What lines of the data below include the word "Shirt"? Report them by copying each.

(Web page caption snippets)
------------------------------------------------------------------------

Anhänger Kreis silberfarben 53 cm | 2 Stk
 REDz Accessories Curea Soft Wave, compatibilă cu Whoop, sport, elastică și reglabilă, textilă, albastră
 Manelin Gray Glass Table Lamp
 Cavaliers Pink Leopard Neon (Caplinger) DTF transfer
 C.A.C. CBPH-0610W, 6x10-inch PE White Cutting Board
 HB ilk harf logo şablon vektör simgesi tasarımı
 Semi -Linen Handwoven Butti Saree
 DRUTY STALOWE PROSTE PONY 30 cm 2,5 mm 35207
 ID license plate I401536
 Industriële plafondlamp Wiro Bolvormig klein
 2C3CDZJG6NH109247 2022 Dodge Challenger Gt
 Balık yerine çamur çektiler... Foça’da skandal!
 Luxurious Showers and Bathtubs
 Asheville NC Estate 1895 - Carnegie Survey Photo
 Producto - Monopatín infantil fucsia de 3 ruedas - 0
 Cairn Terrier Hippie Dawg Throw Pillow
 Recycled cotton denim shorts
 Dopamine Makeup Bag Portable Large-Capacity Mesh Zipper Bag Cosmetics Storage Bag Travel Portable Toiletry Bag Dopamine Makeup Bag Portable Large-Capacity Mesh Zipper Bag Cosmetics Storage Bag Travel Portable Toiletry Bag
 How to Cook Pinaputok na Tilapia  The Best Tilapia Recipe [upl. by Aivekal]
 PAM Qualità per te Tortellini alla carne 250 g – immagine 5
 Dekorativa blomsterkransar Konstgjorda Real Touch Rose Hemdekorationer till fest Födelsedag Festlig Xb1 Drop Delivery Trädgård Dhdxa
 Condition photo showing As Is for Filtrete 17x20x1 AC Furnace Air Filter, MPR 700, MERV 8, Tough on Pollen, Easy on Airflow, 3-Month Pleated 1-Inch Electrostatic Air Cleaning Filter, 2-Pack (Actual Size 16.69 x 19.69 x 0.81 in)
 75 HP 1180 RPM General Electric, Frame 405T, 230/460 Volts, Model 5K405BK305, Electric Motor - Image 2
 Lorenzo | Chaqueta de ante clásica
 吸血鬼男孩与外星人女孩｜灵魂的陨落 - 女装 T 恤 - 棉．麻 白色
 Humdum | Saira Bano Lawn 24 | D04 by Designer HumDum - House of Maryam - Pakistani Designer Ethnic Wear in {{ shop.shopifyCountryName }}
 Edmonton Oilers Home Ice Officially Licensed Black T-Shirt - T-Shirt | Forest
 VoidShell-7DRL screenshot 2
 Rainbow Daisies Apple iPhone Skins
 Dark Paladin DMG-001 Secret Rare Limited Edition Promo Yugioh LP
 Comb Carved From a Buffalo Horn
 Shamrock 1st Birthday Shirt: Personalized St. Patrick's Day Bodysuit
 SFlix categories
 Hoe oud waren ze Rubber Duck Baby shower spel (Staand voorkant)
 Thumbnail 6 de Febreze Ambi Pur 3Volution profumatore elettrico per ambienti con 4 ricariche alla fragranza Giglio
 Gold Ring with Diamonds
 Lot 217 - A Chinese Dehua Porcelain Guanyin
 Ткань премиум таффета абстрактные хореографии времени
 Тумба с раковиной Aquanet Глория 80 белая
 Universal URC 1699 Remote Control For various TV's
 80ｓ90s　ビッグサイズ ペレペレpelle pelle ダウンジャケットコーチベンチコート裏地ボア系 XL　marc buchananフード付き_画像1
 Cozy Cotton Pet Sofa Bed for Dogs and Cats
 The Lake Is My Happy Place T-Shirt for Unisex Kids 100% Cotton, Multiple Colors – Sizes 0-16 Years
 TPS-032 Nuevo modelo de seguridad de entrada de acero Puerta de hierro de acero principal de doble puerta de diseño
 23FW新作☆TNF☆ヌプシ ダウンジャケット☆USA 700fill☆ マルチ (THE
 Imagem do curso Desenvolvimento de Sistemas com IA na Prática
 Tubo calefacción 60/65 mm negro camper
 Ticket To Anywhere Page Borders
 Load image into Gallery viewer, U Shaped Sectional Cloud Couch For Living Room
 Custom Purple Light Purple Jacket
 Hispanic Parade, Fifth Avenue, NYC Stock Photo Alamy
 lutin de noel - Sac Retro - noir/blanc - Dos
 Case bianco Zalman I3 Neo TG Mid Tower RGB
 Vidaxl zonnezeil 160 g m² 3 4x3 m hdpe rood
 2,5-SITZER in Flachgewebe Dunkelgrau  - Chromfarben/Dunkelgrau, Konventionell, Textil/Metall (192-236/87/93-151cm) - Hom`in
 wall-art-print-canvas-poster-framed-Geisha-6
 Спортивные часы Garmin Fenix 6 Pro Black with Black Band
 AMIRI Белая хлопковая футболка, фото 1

------------------------------------------------------------------------

> _OUTPUT FOR THIS EXERCISE_
 Edmonton Oilers Home Ice Officially Licensed Black T-Shirt - T-Shirt | Forest
 Shamrock 1st Birthday Shirt: Personalized St. Patrick's Day Bodysuit
 The Lake Is My Happy Place T-Shirt for Unisex Kids 100% Cotton, Multiple Colors – Sizes 0-16 Years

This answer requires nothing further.